KCLF
- New Roads, Louisiana; United States;
- Frequency: 1500 kHz
- Branding: Voice of Pointe Coupee

Programming
- Format: Urban contemporary
- Affiliations: Compass Media Networks

Ownership
- Owner: New World Broadcasting Company

History
- First air date: 1965
- Former call signs: KQXL (1979–1981)

Technical information
- Licensing authority: FCC
- Facility ID: 14897
- Class: D
- Power: 850 watts day 18 watts night
- Transmitter coordinates: 30°44′8″N 91°25′59″W﻿ / ﻿30.73556°N 91.43306°W

Links
- Public license information: Public file; LMS;
- Webcast: Listen live
- Website: Official website

= KCLF =

KCLF (1500 AM) is a radio station broadcasting an urban contemporary format which includes blues, gospel, news, oldies, and zydeco. The station is licensed to New Roads, Louisiana, United States. The station is currently owned by New World Broadcasting Company.

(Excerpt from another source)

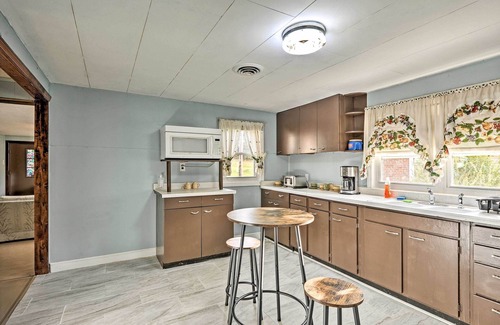 Abingdon House | Remodeled Abingdon House w/Spacious Yard!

On January 12, 2015, KCLF was granted a Federal Communications Commission construction permit to move to a new transmitter site, decrease day power to 850 watts and add night operation with 18 watts.

==History==
The station was assigned the call letters KQXL on January 1, 1979. On September 1, 1981, the station changed its call sign to the current KCLF.